Task requirements :: One exact copy of the listing is needed. It should contain no pictures.

──────── Dataset content ────────

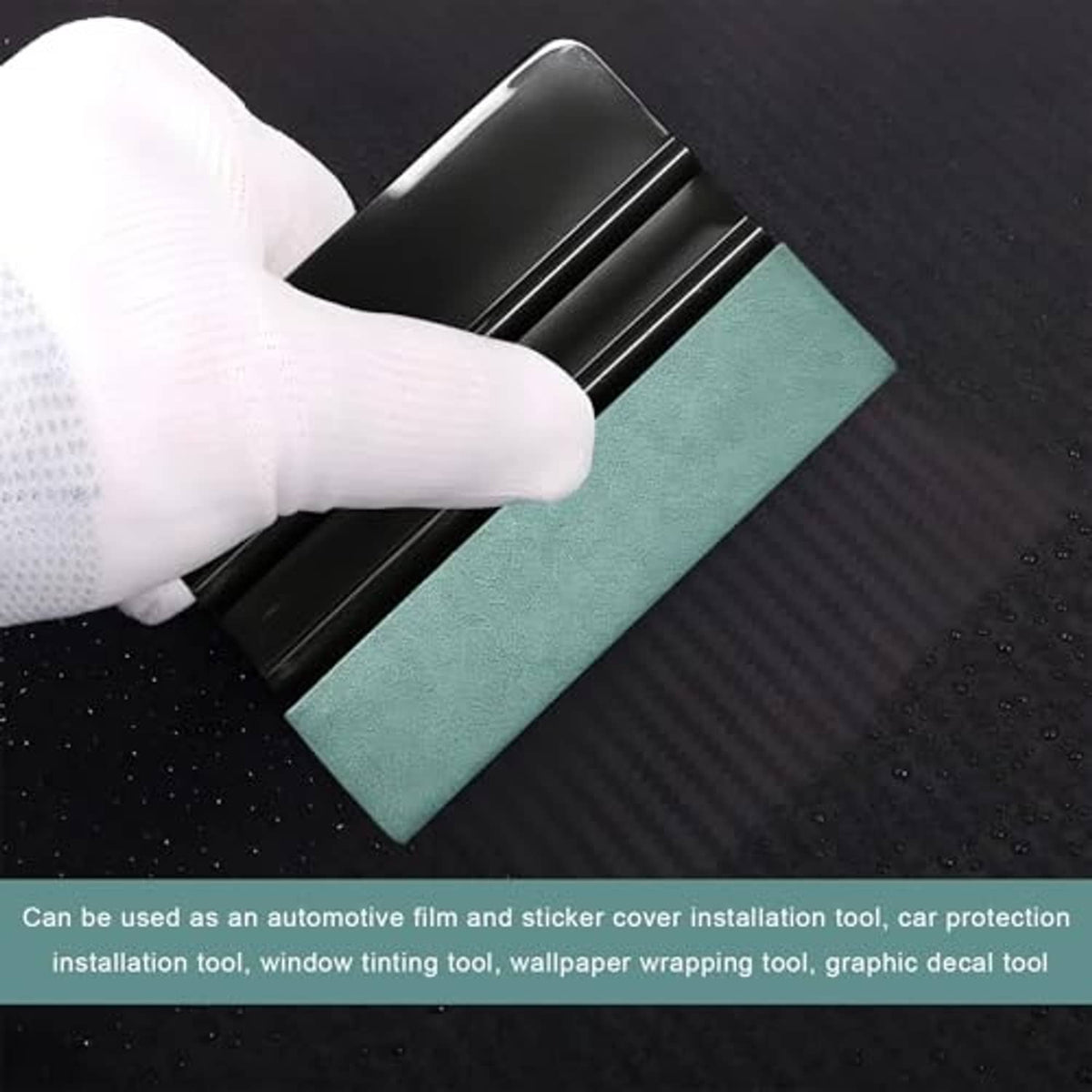 Car window tint squeegee tool with teal felt pad in use on a car window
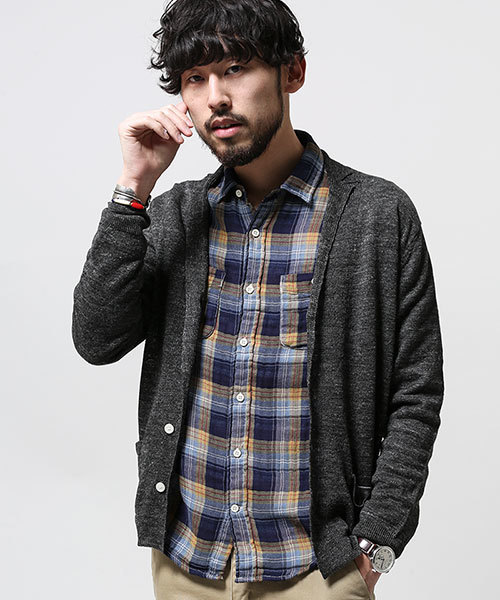 NANO universe(ナノユニバース)の「フレンチリネンラペルカーデ L/S(カーディガン/ボレロ・メンズ・インディゴブルー/ネイビー/ブラック/グレー・LARGE/SMALL/X-LARGE/MEDIUM)」の11枚目の写真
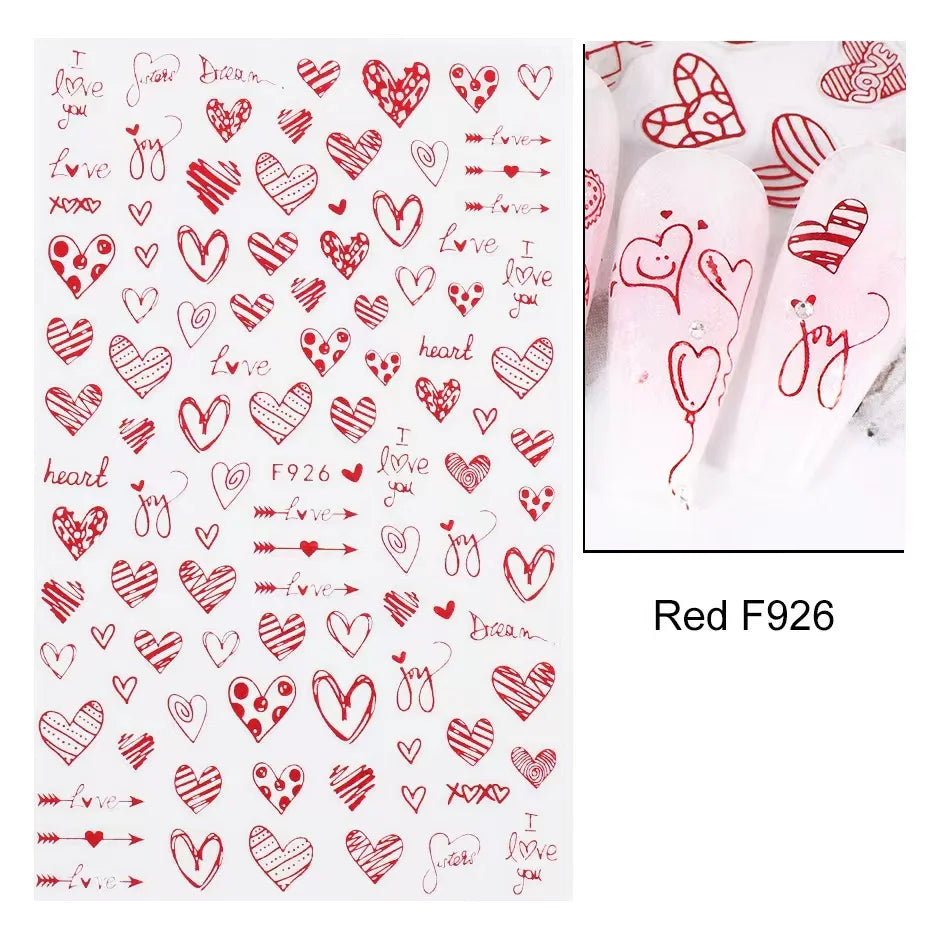 1PCS Valentine's Day Nail Stickers Cartoon Love Nail Supplies Nail Decals for Ladies Nail Art Decoration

────────

Written solution ::
 Car window tint squeegee tool with teal felt pad in use on a car window
 NANO universe(ナノユニバース)の「フレンチリネンラペルカーデ L/S(カーディガン/ボレロ・メンズ・インディゴブルー/ネイビー/ブラック/グレー・LARGE/SMALL/X-LARGE/MEDIUM)」の11枚目の写真
 1PCS Valentine's Day Nail Stickers Cartoon Love Nail Supplies Nail Decals for Ladies Nail Art Decoration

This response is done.